Glad to hear your happy with the preamp, i'm thinking of taking the plunge back into there amps. I'm just abit hesitant as to my prior problems with them.:dontknow:


----------



## Guest (Nov 4, 2010)

bambino said:


> Glad to hear your happy with the preamp, i'm thinking of taking the plunge back into there amps. I'm just abit hesitant as to my prior problems with them.:dontknow:


I've never heard their amp, but the pre amp with a crown amp makes a really nice sound. I actually had my CD player hooked directly up to my crown for a few weeks after my Yamaha bit the dust. Aside from not really being able to control the volume, it sound really forward and almost harsh, but still low distortion. Kinda hard to explain, but just really in your face sound. I don't know enough about audio gear to know why, but the pre-amp really smoothed it out. Everything sounds nice and pretty now.
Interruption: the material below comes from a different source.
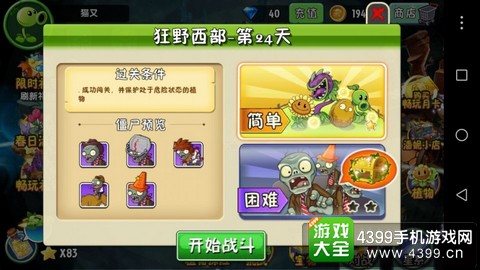 植物大战僵尸2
I looked in to pro gear because of some of the A-B blind testing I read up on. I guess I believe that cheap+quality+good setup is more important then brand names or cash spent. I'd imagine anything that Emotive makes is nice, but for power, I'm also a Crown fan. So many choices, what to?!?!?!?


----------



## bambino (Feb 21, 2010)

Good to hear that. I have 4 Crown amps lying around waiting for subwoofer duty (i can hardly wait!). I had an Emotiva XPA-5 and XPA-2 and never heard my system come so alive, i'm once again leaning on giving it another shot with them. Currently i'm looking at 2 XPA-1's and an XPA-5 just have to figure away to hide them from the "Boss" for awhile.:heehee:


----------



## Guest (Nov 9, 2010)

After more critical listening with SACDs, great sounding CDs, and some 180/200 gram vinyl, I can say that I am extremely happy with this preamp. I look forward to using the active crossovers with a sub soon.
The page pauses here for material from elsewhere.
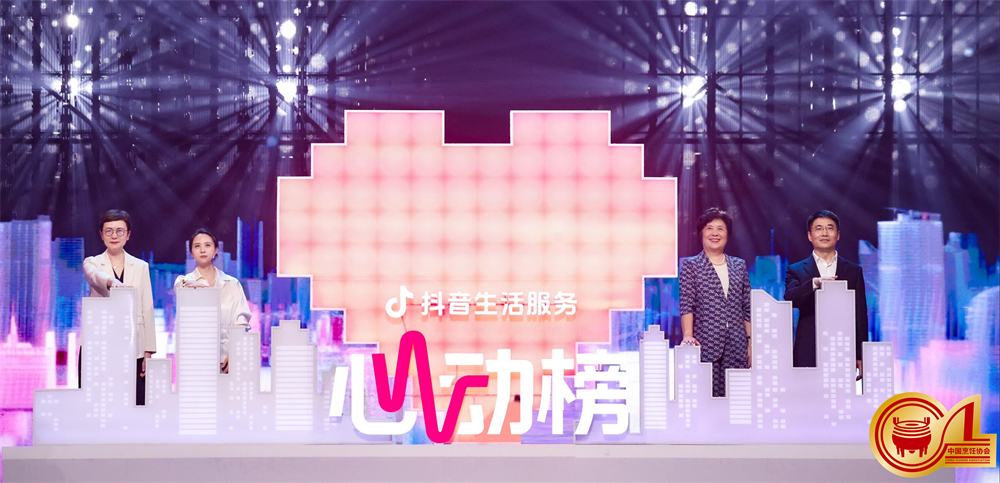 1.榜单发布仪式.jpg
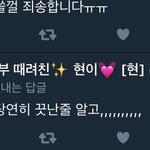 [EXO] <b>맞춤법</b> 보면 모르겠냐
I think I might have foolishly accidentally stumbled on a great combo with this preamp and the Crown amp. The preamp smoothed everything out so much, I'm not sure I would want smoother power. The Crown sounds great, but still has a powerful and forward sound.


----------



## JoeESP9 (Jun 29, 2009)

One of my original comments on the XLS402's was that they were a little forward. This was partly because of the amps soundstage presentation. On my other amps, tube and SS, the soundstage (on good recordings) extends from just in front of my mains to 20 or more feet deep and eight feet to the sides. That's a good five feet past the side walls! The Crown's have a soundstage that starts two feet in front and has the same depth and width as the others. Also, the highs initially seemed to be slightly etched and glassy. After running them almost continuously for the last few months glass and etch have gone away. I consider them to be a best buy. If I didn't have tube mono blocks I could easily live with these amps. (Two bridged XLS402's = 900WPC @ 8 Ohms @ $400.) 
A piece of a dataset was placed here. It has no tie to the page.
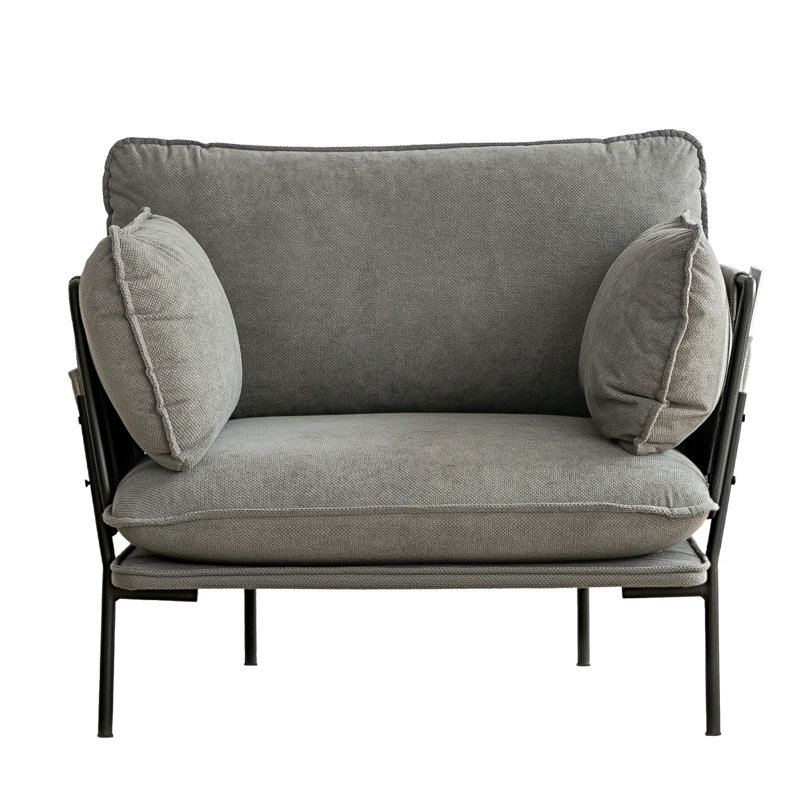 Upholstered Accent Chair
The tubes have way less power and can't play my ESL's as loud. When I put them back in there is "more there, there". Even at lower (required with my tubes) volumes there is a bloom and sweetness in the mids that SS hasn't done for me yet. A couple of my buddies have Levinson, Krell, Rowland, CJ and ARC. These guys have some serious money in their "rigs" and they all sound superb. Even so, I prefer the CJ and ARC tubed gear. 

In any case, with more (SS) power there are better dynamics. Yes, the highs may sound a bit subdued with tubes. I don't care! My tubes sound better to me. IMO what this world needs is a 200 Watt tube mono block that cost's <$750. Crown are you listening? I don't care if the looks are from the agricultural school of design. I'd buy two immediately. Later I'd probably buy a couple more.

I'm not getting rid of them (Crown's) or putting them in a closet. With them driving 2 x 12" DVC TL subs with 450 Watts per 4 Ohm voice coil I'm getting really good bass. I mean really good bass. I can bridge the Crowns, strap the voice coils in series and have 900 Watts per woofer. That gives me really good bass. I mean really good bass.

I've been hearing that ClassD Audio's Class D switching amp kits sound very good. Tube like sound they say. I think I'm gonna' build one. A 250 WPC (@ 8 Ohms) amp will cost less than $500.


----------